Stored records
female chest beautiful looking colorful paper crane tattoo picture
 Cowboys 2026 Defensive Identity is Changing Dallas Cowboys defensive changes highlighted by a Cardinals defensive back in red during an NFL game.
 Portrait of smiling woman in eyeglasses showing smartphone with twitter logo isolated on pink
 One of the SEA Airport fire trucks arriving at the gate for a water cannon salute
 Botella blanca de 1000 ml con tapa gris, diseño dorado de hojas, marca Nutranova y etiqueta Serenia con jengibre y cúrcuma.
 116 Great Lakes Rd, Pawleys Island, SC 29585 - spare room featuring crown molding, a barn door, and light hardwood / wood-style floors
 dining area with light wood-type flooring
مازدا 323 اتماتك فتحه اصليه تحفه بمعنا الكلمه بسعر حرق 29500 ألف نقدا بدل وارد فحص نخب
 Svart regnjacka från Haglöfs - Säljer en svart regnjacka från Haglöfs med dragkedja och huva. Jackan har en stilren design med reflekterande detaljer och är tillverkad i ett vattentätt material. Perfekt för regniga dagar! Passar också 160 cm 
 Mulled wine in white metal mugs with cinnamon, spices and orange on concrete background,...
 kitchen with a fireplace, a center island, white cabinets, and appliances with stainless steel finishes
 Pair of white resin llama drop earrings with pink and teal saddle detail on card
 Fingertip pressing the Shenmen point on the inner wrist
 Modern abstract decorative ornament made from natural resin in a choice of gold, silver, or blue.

*Problem to solve*. For this exercise, please output exactly the lines above starting at the line with "Cowboys 2026 Defensive" and ending at the line with "Fingertip pressing the", ends included.

*Answer section*.
 Cowboys 2026 Defensive Identity is Changing Dallas Cowboys defensive changes highlighted by a Cardinals defensive back in red during an NFL game.
 Portrait of smiling woman in eyeglasses showing smartphone with twitter logo isolated on pink
 One of the SEA Airport fire trucks arriving at the gate for a water cannon salute
 Botella blanca de 1000 ml con tapa gris, diseño dorado de hojas, marca Nutranova y etiqueta Serenia con jengibre y cúrcuma.
 116 Great Lakes Rd, Pawleys Island, SC 29585 - spare room featuring crown molding, a barn door, and light hardwood / wood-style floors
 dining area with light wood-type flooring
مازدا 323 اتماتك فتحه اصليه تحفه بمعنا الكلمه بسعر حرق 29500 ألف نقدا بدل وارد فحص نخب
 Svart regnjacka från Haglöfs - Säljer en svart regnjacka från Haglöfs med dragkedja och huva. Jackan har en stilren design med reflekterande detaljer och är tillverkad i ett vattentätt material. Perfekt för regniga dagar! Passar också 160 cm 
 Mulled wine in white metal mugs with cinnamon, spices and orange on concrete background,...
 kitchen with a fireplace, a center island, white cabinets, and appliances with stainless steel finishes
 Pair of white resin llama drop earrings with pink and teal saddle detail on card
 Fingertip pressing the Shenmen point on the inner wrist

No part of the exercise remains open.